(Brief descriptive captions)
※ ※ ※

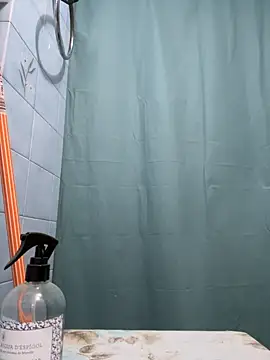 Snapshot of Rogerpere chatting on 10/14/25, 05:57 Rogerpere online show from 10/14/25, 05:57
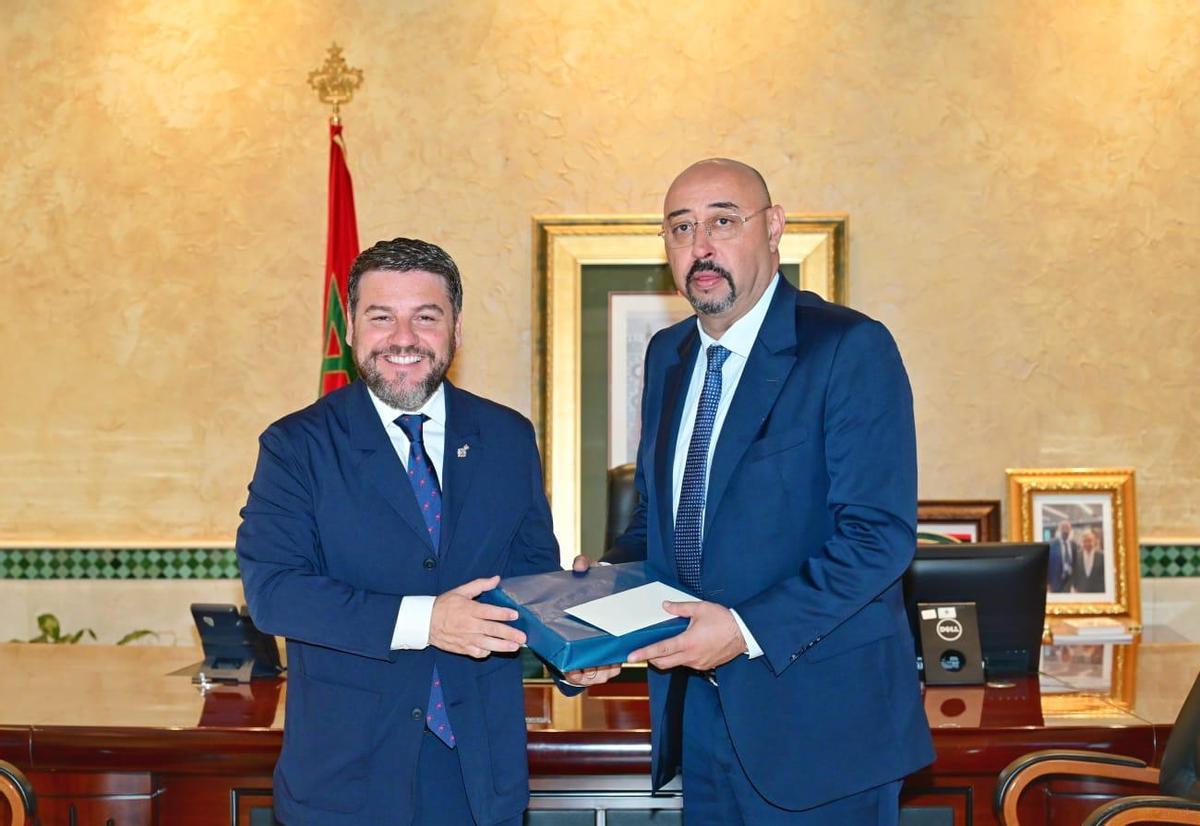 Javier Bonet este lunes con el alcalde de Tánger.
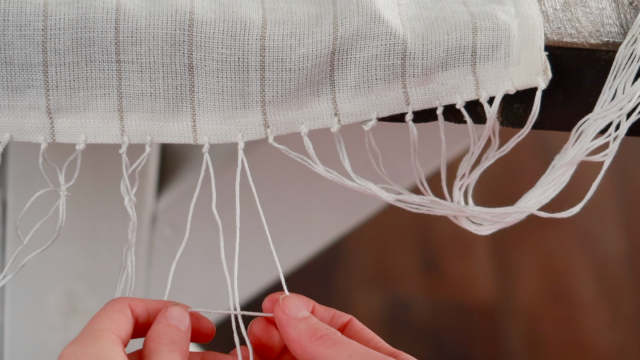 Easy DIY Macrame Table Runner - SlayAtHomeMother.com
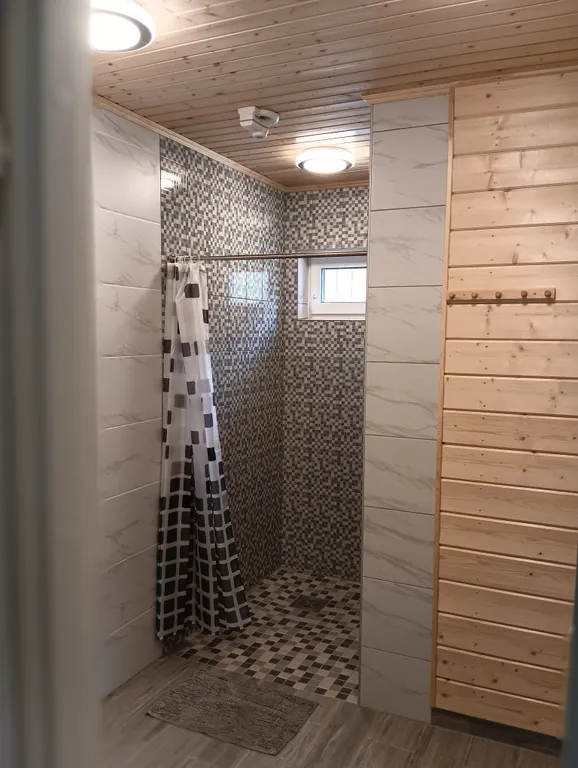 Дом с видом на озеро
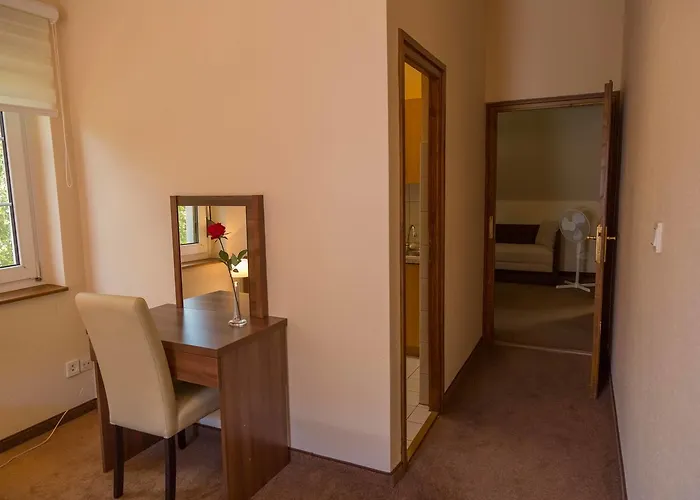 Arina ゲストハウス ヘーヴィーズ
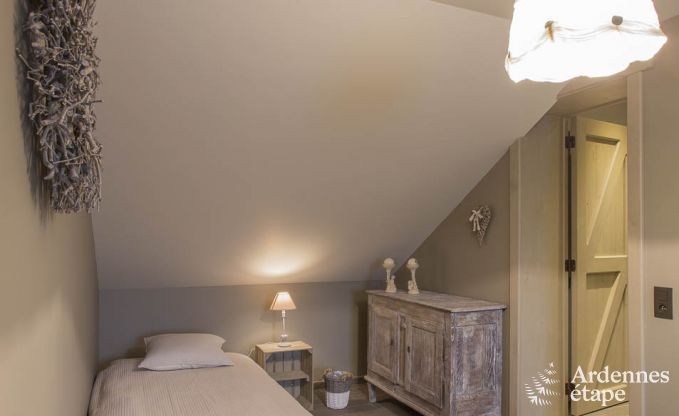 Luxe villa in Bi�vre voor 19 personen in de Ardennen
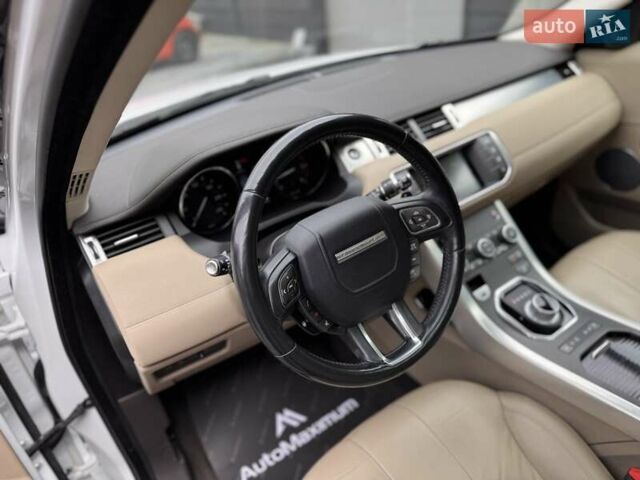 Білий Ленд Ровер Рендж Ровер Евок, об'ємом двигуна 2.18 л та пробігом 97 тис. км за 23900 $, фото 18 на Automoto.ua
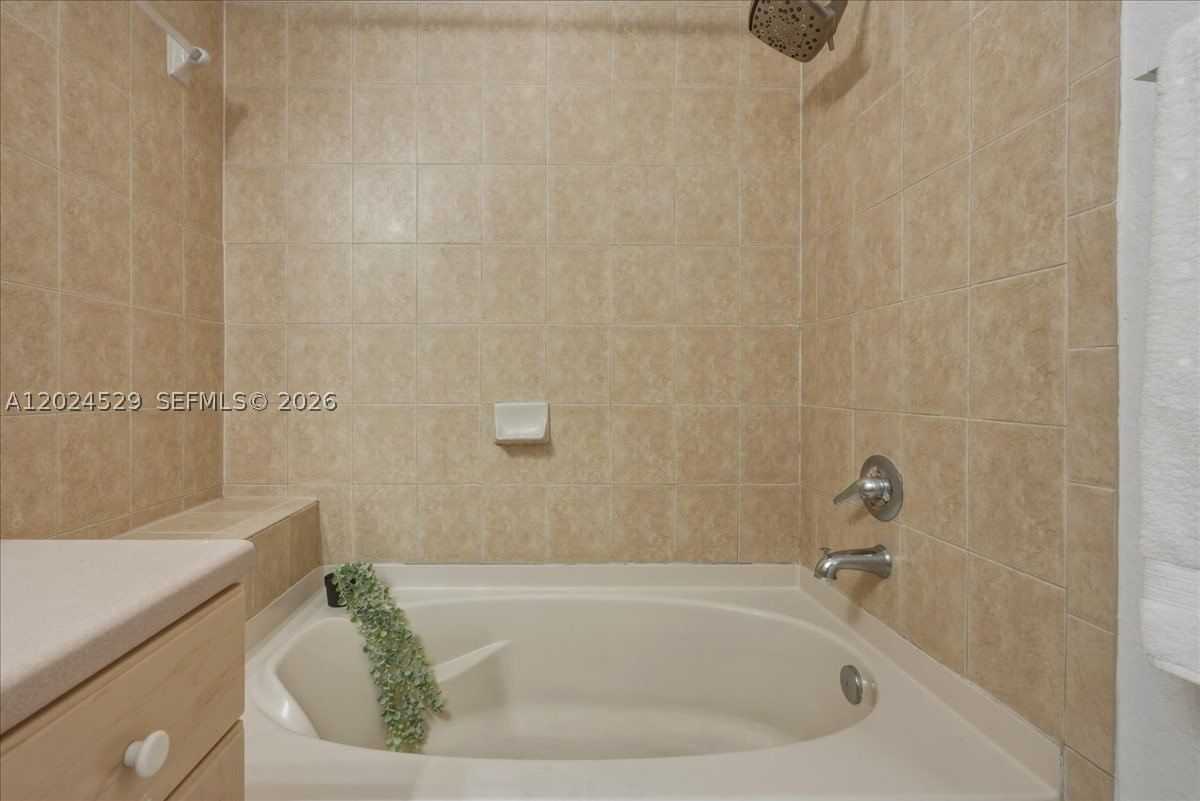 Real estate property located at 11102 83rd St #108, Miami-dade, Promenade Shores At Doral, Doral, FL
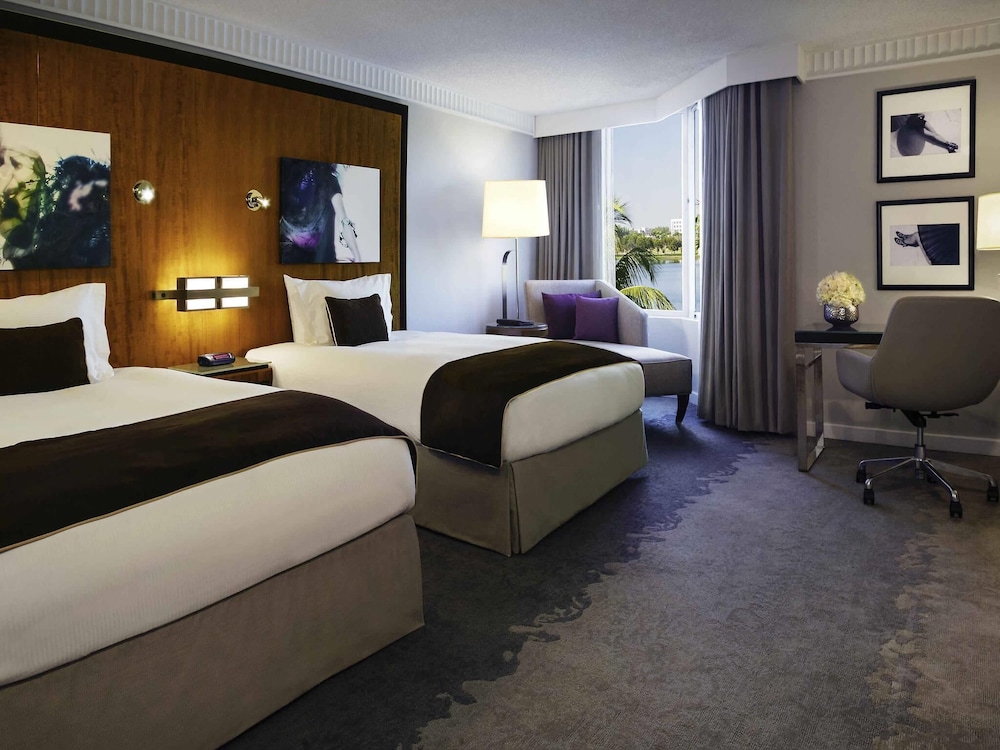 Habitación Deluxe, dos camas dobles, Vista Premium - Lado de la laguna o planta superior del hotel Pullman Miami Airport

※ ※ ※

- [Assigned task] Restate the records above in full, word for word. Keep pictures out.

- [Task result]
 Snapshot of Rogerpere chatting on 10/14/25, 05:57 Rogerpere online show from 10/14/25, 05:57
 Javier Bonet este lunes con el alcalde de Tánger.
 Easy DIY Macrame Table Runner - SlayAtHomeMother.com
 Дом с видом на озеро
 Arina ゲストハウス ヘーヴィーズ
 Luxe villa in Bi�vre voor 19 personen in de Ardennen
 Білий Ленд Ровер Рендж Ровер Евок, об'ємом двигуна 2.18 л та пробігом 97 тис. км за 23900 $, фото 18 на Automoto.ua
 Real estate property located at 11102 83rd St #108, Miami-dade, Promenade Shores At Doral, Doral, FL
 Habitación Deluxe, dos camas dobles, Vista Premium - Lado de la laguna o planta superior del hotel Pullman Miami Airport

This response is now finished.